▶ **Exercise directions**:
Your answer must be an exact transcription of every record below, with the pictures omitted.

** Opening Records supplied block **

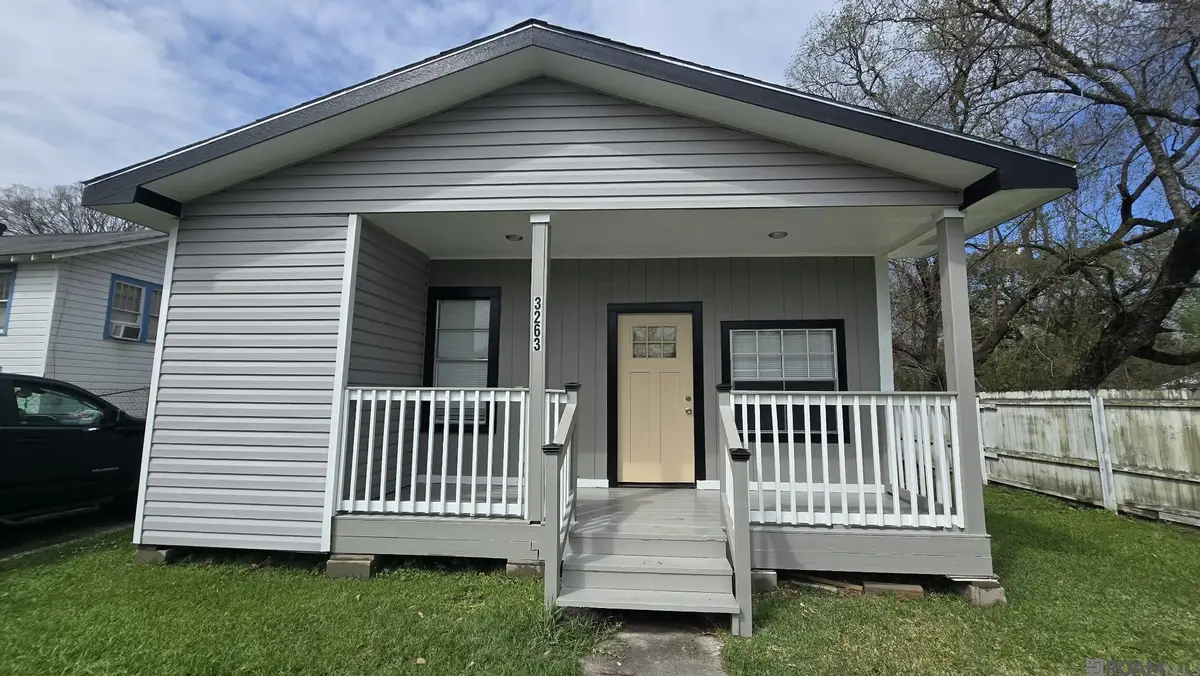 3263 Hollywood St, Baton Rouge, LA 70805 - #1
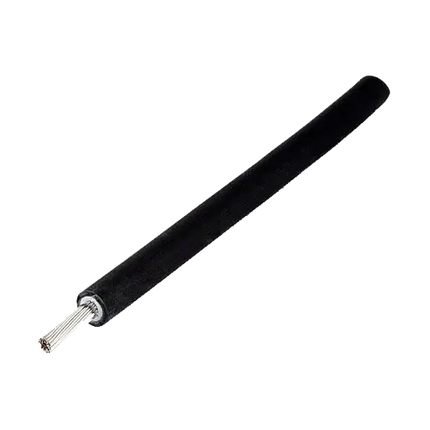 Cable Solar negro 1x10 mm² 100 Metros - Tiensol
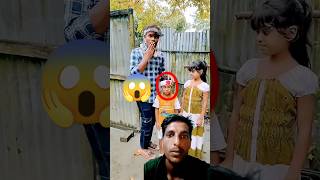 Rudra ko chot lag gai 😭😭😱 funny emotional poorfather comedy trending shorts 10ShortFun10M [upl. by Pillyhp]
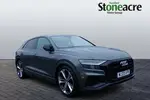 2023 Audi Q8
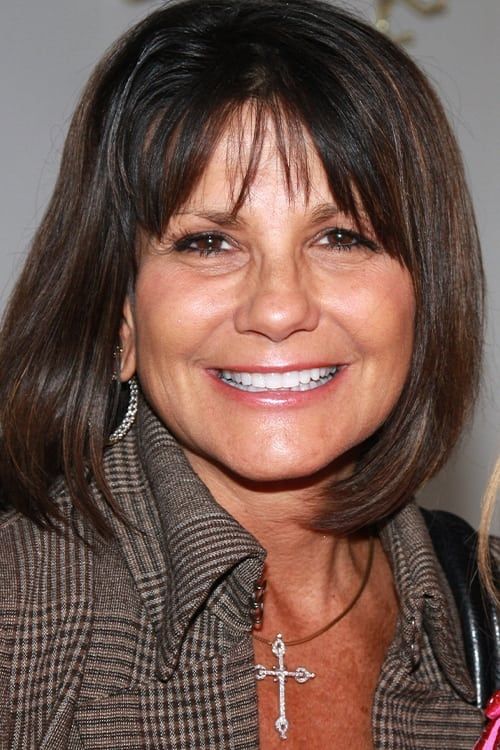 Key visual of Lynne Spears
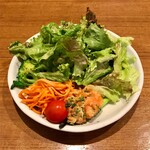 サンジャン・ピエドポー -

** Closing Records supplied block **

▶ **Final answer**:
 3263 Hollywood St, Baton Rouge, LA 70805 - #1
 Cable Solar negro 1x10 mm² 100 Metros - Tiensol
 Rudra ko chot lag gai 😭😭😱 funny emotional poorfather comedy trending shorts 10ShortFun10M [upl. by Pillyhp]
 2023 Audi Q8
 Key visual of Lynne Spears
 サンジャン・ピエドポー -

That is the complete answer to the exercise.